If there is any other way of catching crabs, the watermen who live in the township of Deep creek, 5 miles northwest of Onancock, are familiar with it, for many of them make their living by crabbing, oystering, scalloping and fishing. The peaceful town with its comfortable homes and sturdy fishermen has among its population a number of men who know the ways of the weary crab like a farmer knows the soil. Speaking of different ways of catching crabs, have the readers of "The Enterprise" ever heard this one recorded in Brickell's "History of North Carolina?" He says that the coon is fond of crabs ,and when in search of them takes its station by the side of a swamp, and hanging its tail over into the water, the crab mistakes it for food ,and laying hold on it, the raccoon perceives it pinching, pulls up its tail with sudden jerk and lands the crab on the soil, where it suddenly seizes it in its mouth and quickly devours it. He is careful which way he seizes the crab, which he does transversely, to prevent the animal from inflicting wounds on his face with the nippers.

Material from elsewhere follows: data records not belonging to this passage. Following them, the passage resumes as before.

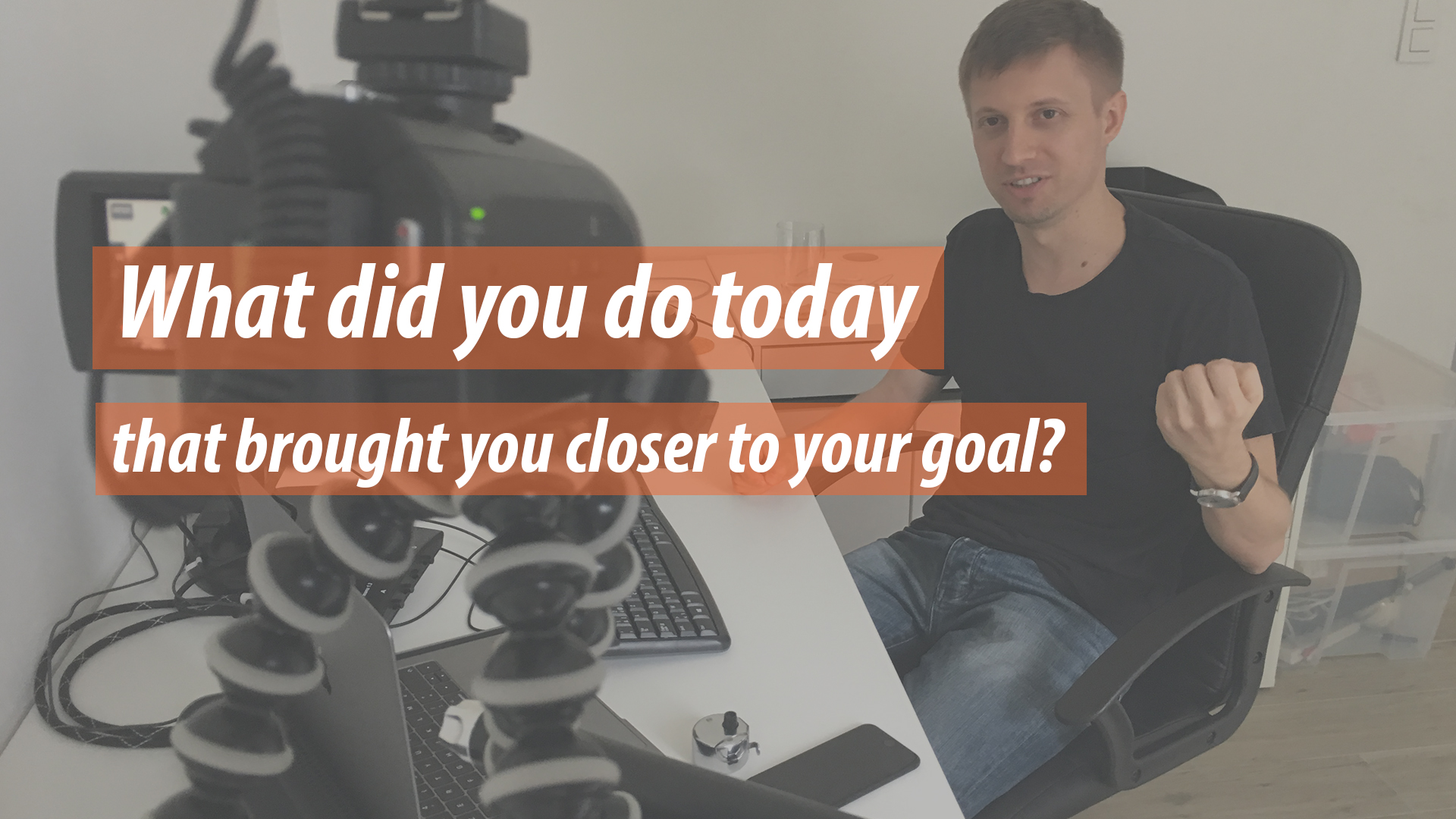 What did you do today that brought you closer to your goal?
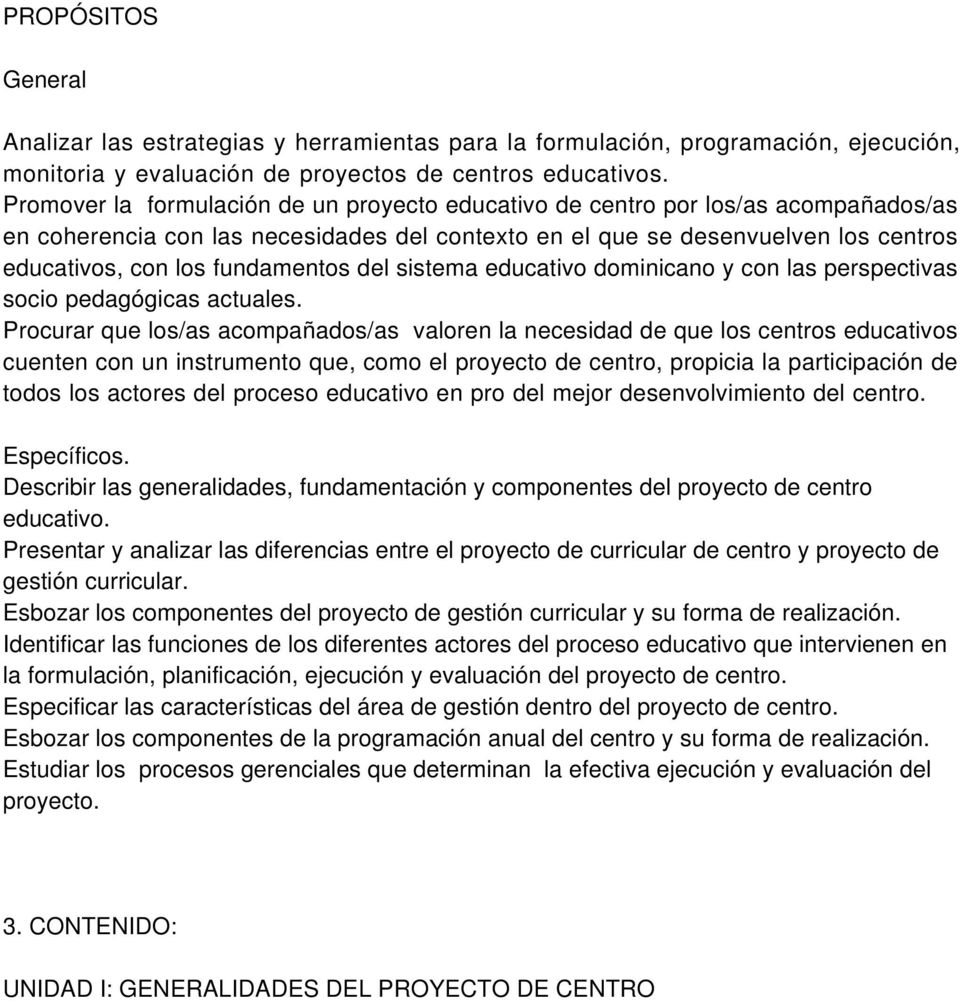 fundamentos del sistema educativo dominicano y con las perspectivas socio pedagógicas actuales.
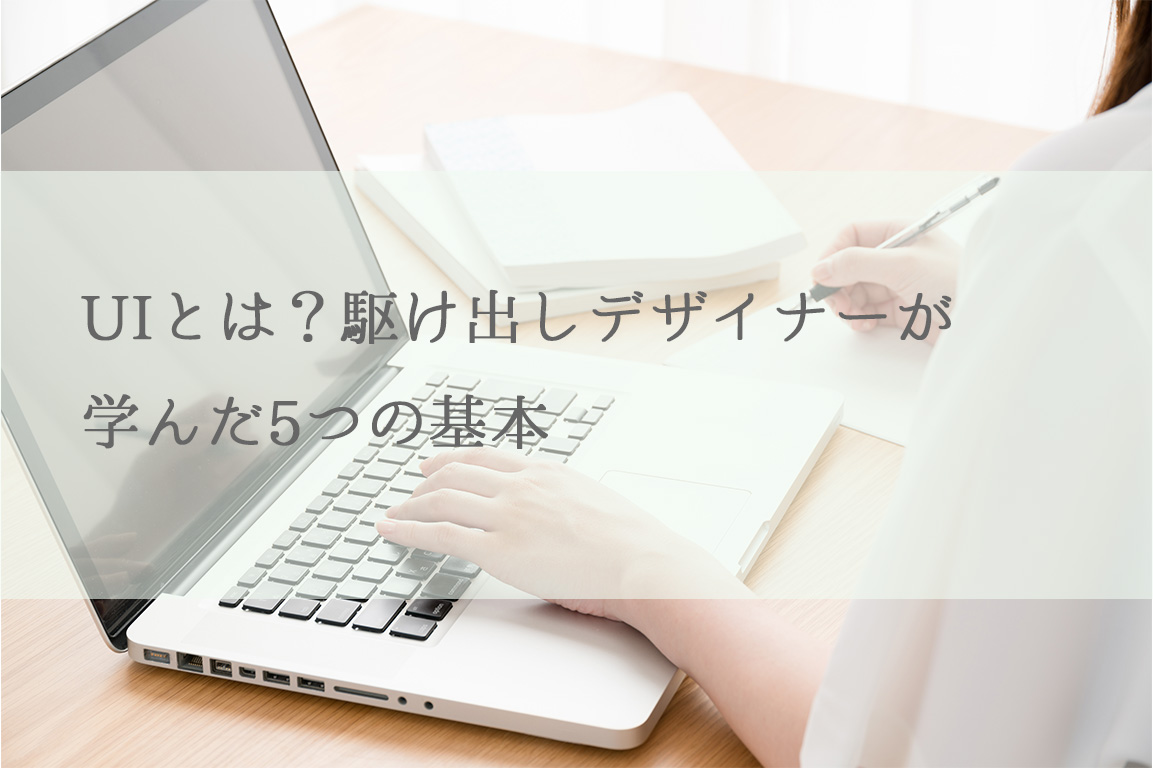 UIとは？駆け出しデザイナーが学んだ5つの基本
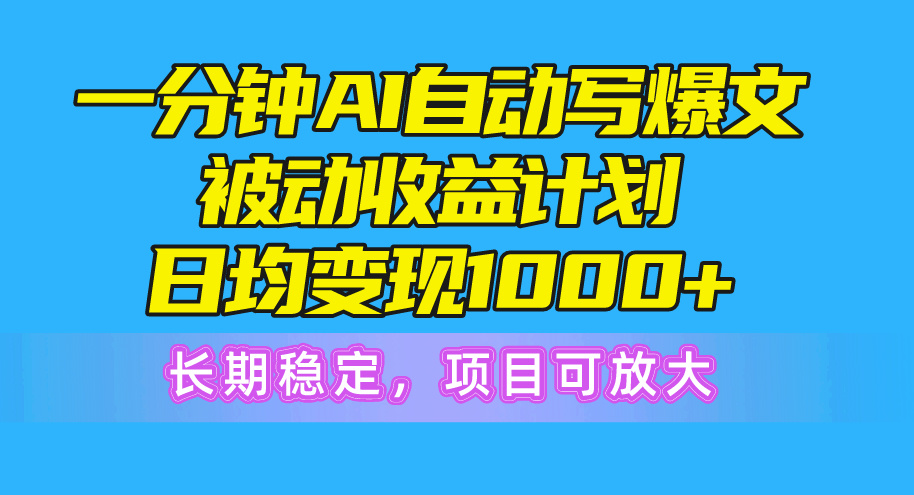 （10590期）一分钟AI爆文被动收益计划，日均变现1000+，长期稳定，项目可放大-立业有术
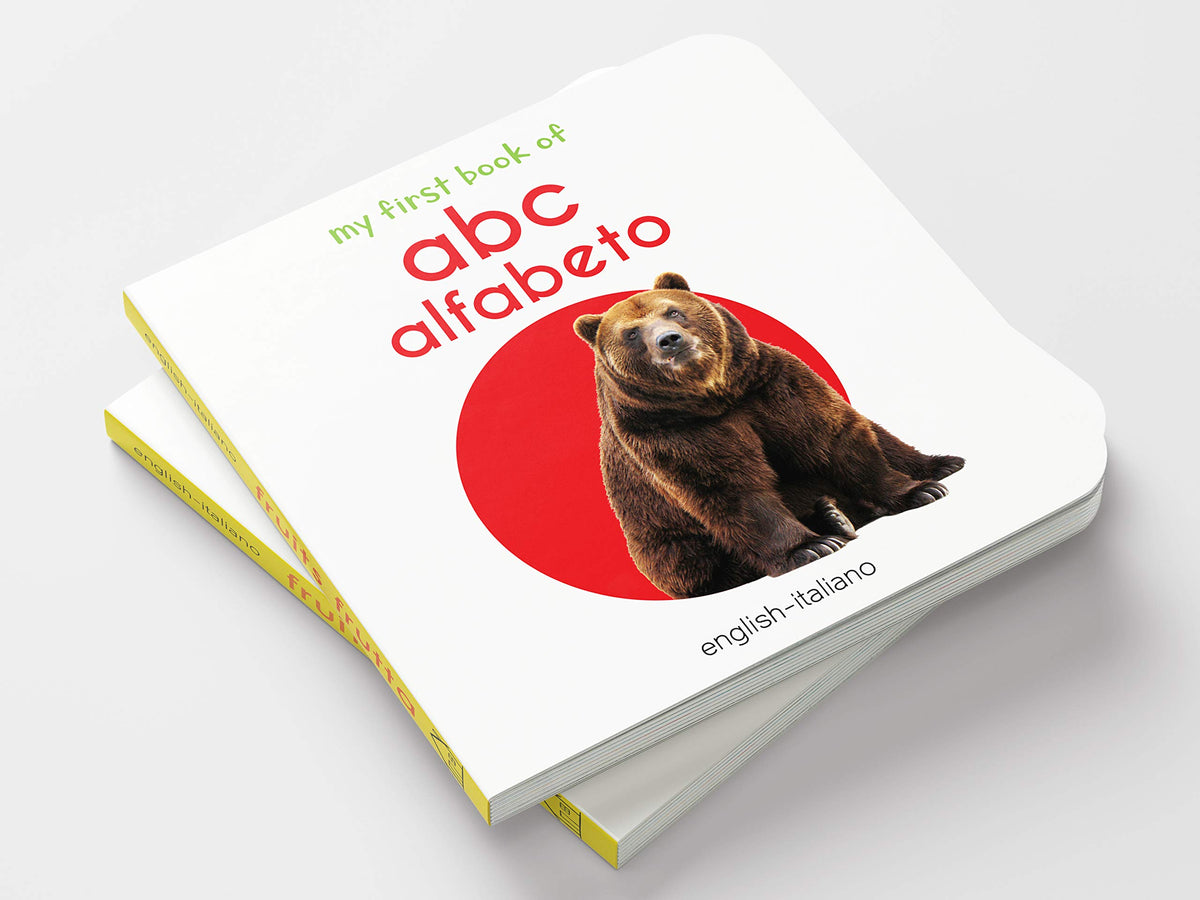 My First Book of ABC - Alfabeto : My First English Italian Board Book (English - Italiano)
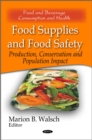 Image for Food Supplies &amp; Food Safety : Production, Conservation &amp; Population Impact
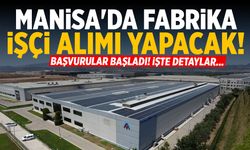 Manisa'da fabrika işçi alımı yapacak! Başvurular başladı...
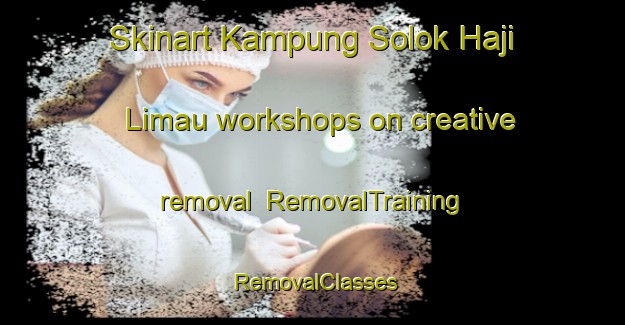 Skinart Kampung Solok Haji Limau workshops on creative removal | RemovalTraining | RemovalClasses | SkinartTraining-Malaysia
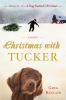 Go to record Christmas with Tucker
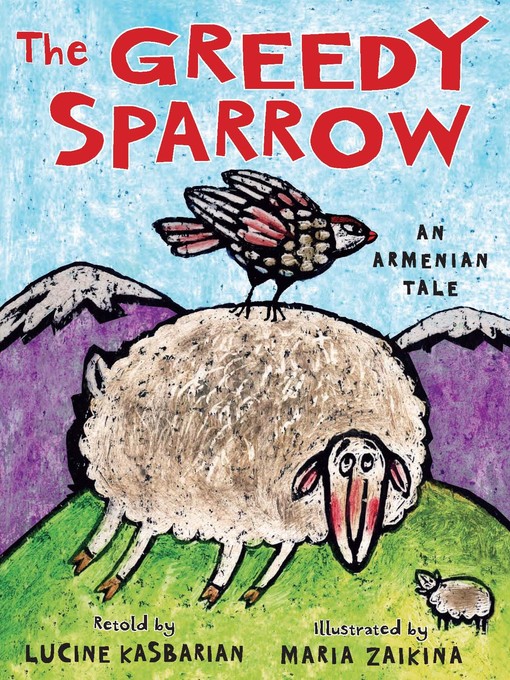 Title details for The Greedy Sparrow by Lucine Kasbarian - Available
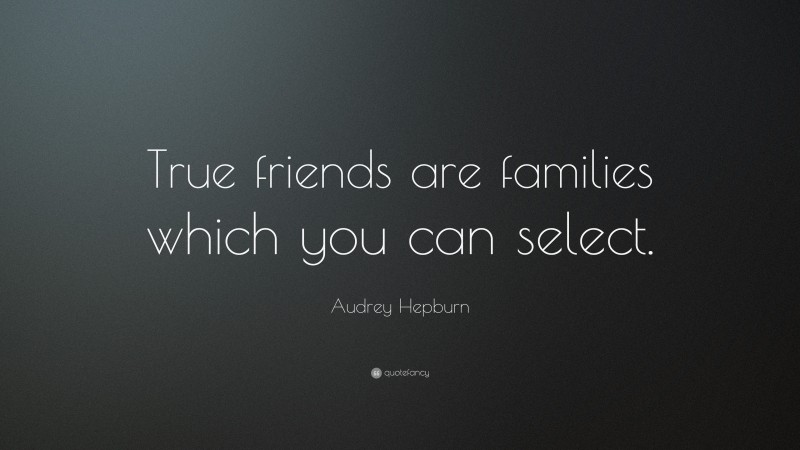 Audrey Hepburn Quote: “True friends are families which you can select.”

Children and sometimes older people ask the question "How does the crab grow in spite of his hard shell?" Every once in a while he sheds his shell and crawls out of it. When the writer was a boy he could never understand what became of the wool when he had such big holes in his stockings. Now he understands, for he had children of his own. The mystery of the hard and of the soft shell crab is explained by the shedding process. When the crab has crawled out of his shell, for a short time he has no shell and during this time he grows very rapidly. It is then that he is what we eat as a "soft shell" crab, that delicacy of the far-famed Eastern shore. After a while he covers himself with a new shell enough larger than the old one to accommodate his enlarged body. Then for a while he is a "hard shell' and does not grow. Later on he crawls out of his new shell and goes through the process all over again unless his unromantic life is suddenly interrupted by the cunning devices of the "waterman."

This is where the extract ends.